AIM OF THE EXERCISE: Your task is to retype, exactly and without pictures, the line holding "Rear wheel hub" and each line that follows it to the end of the entries.

Scraped caption text data

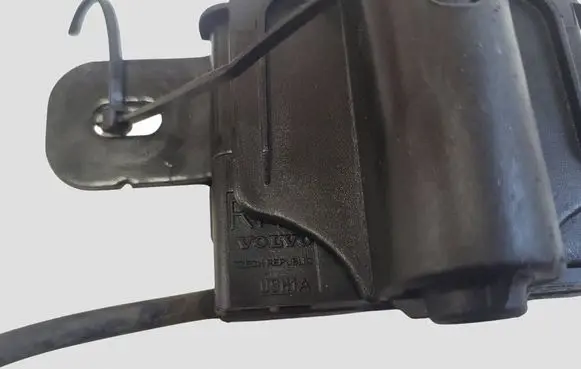 Volvo V40 Engine bonnet/hood lock/catch 31371016
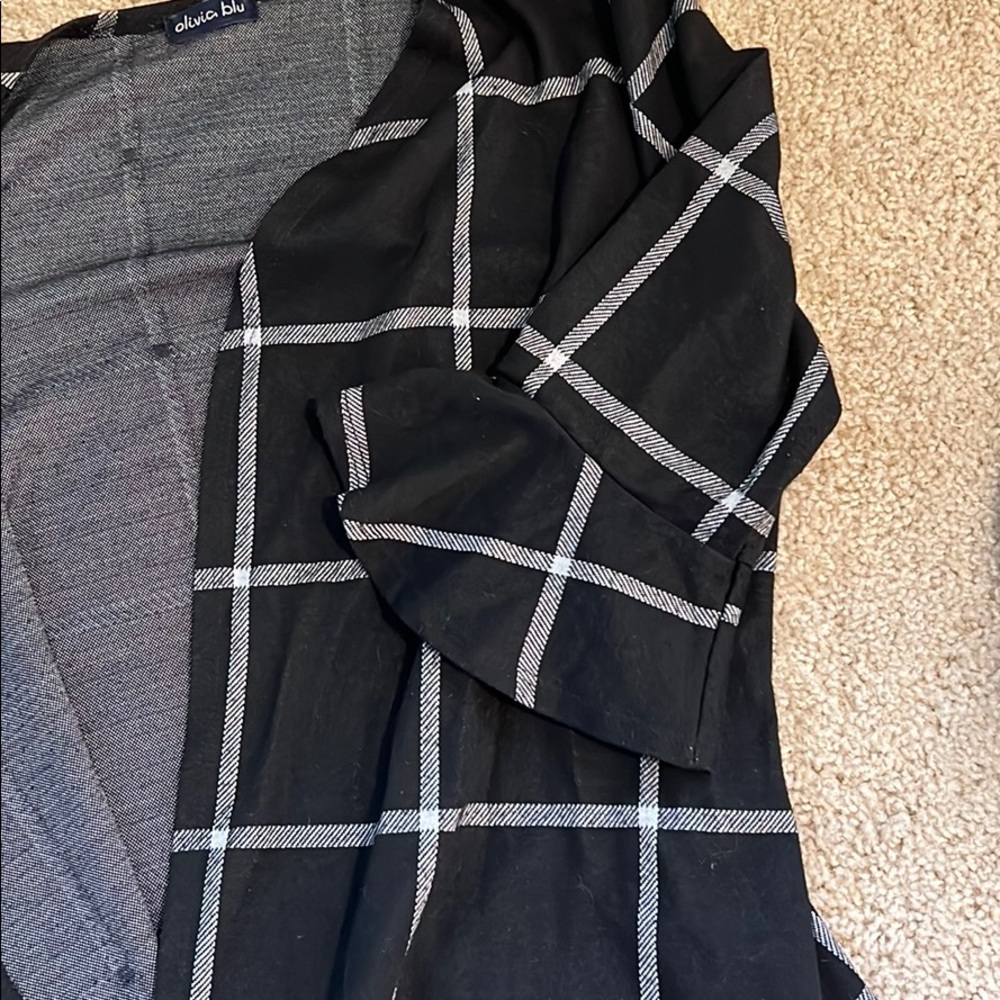 Cardigans - Picture 2 of 3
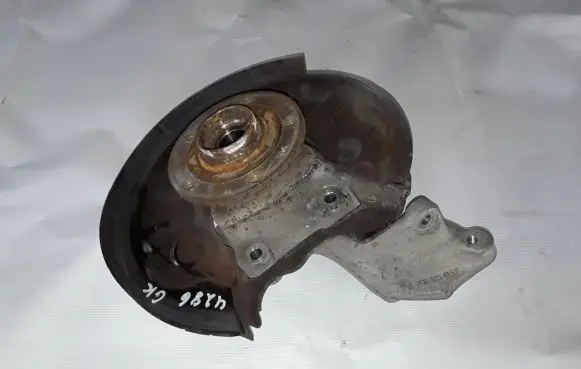 Rear wheel hub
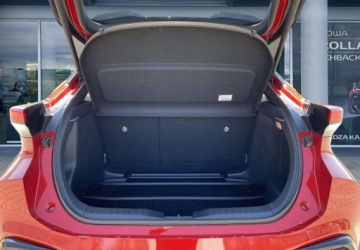 Toyota C-HR II SUV 2.0 Hybrid Dynamic Force 197KM 2024 Toyota C-HR 2.0 Hybrid Dynamic Force Executive Salon PL VAT 23 1 wlasci, zdjęcie 15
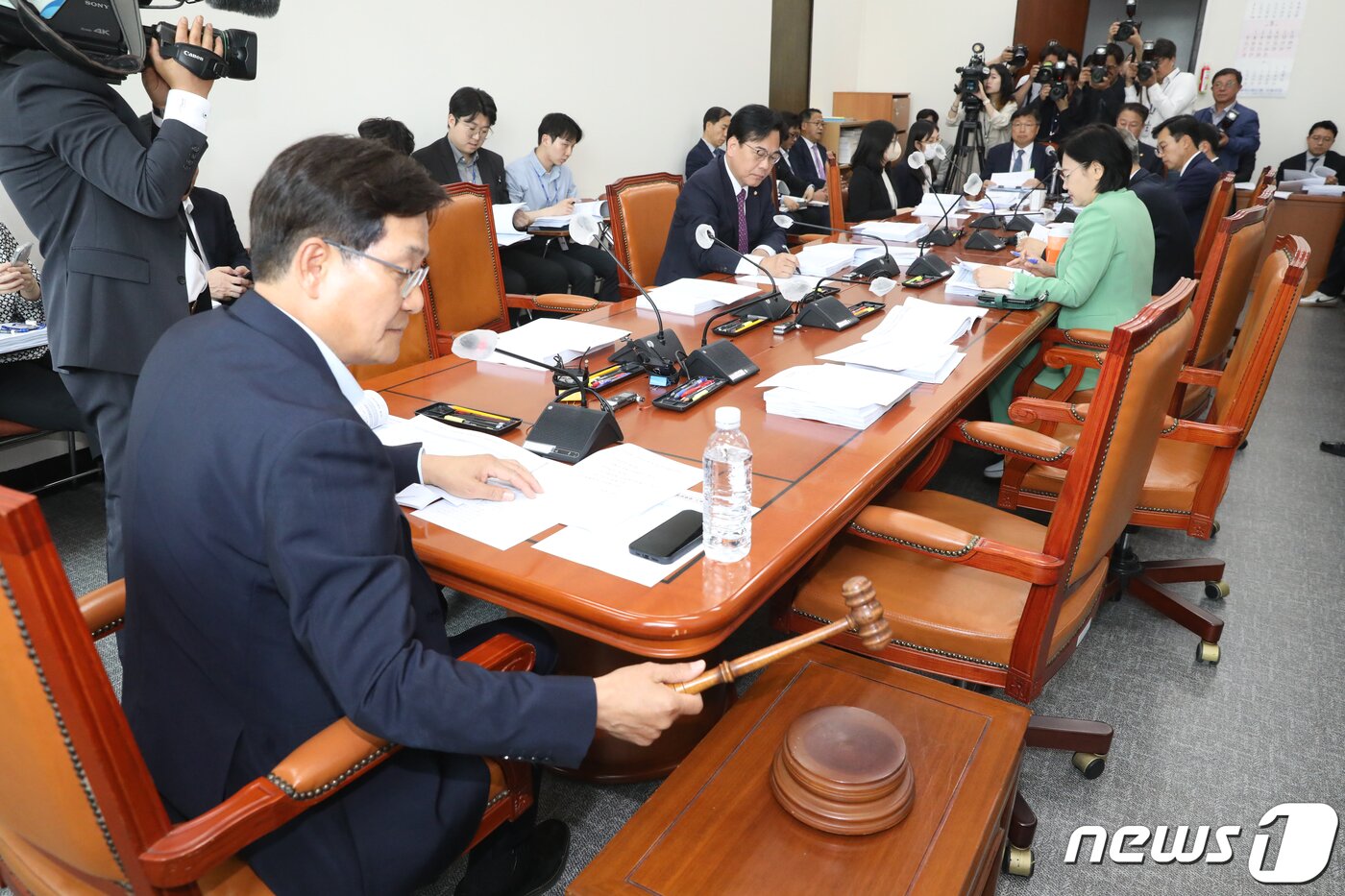본문 이미지 - 신동근 국회 기재위 경제재정소위원장이 15일 오후 서울 여의도 국회에서 열린 기획재정위원회 경제재정소위원회에서 의사봉을 두드리고 있다. 2023.5.15/뉴스1 ⓒ News1 송원영 기자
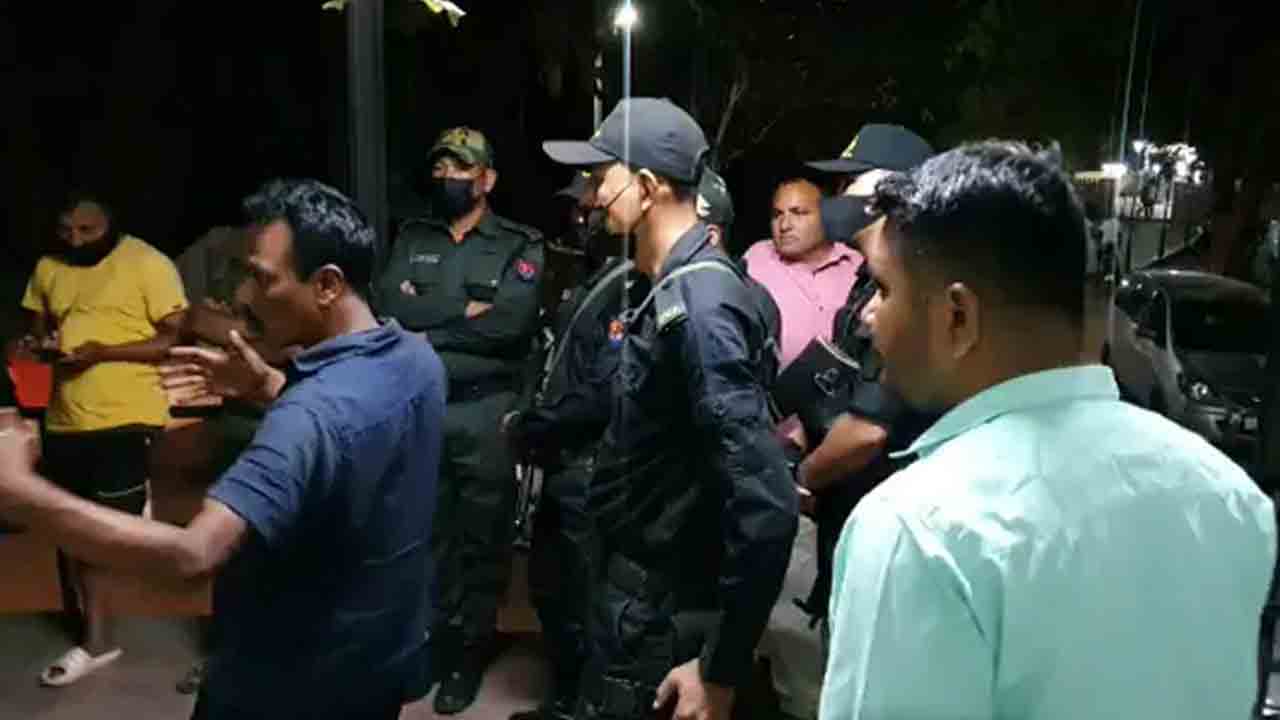 సహచర జవాన్లపై ఏకే 47తో కాల్పులు.. ఇద్దరు మృతి సహచర జవాన్లపై ఏకే 47తో కాల్పులు.. ఇద్దరు మృతి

ANSWER BOX:
 Rear wheel hub
 Toyota C-HR II SUV 2.0 Hybrid Dynamic Force 197KM 2024 Toyota C-HR 2.0 Hybrid Dynamic Force Executive Salon PL VAT 23 1 wlasci, zdjęcie 15
본문 이미지 - 신동근 국회 기재위 경제재정소위원장이 15일 오후 서울 여의도 국회에서 열린 기획재정위원회 경제재정소위원회에서 의사봉을 두드리고 있다. 2023.5.15/뉴스1 ⓒ News1 송원영 기자
 సహచర జవాన్లపై ఏకే 47తో కాల్పులు.. ఇద్దరు మృతి సహచర జవాన్లపై ఏకే 47తో కాల్పులు.. ఇద్దరు మృతి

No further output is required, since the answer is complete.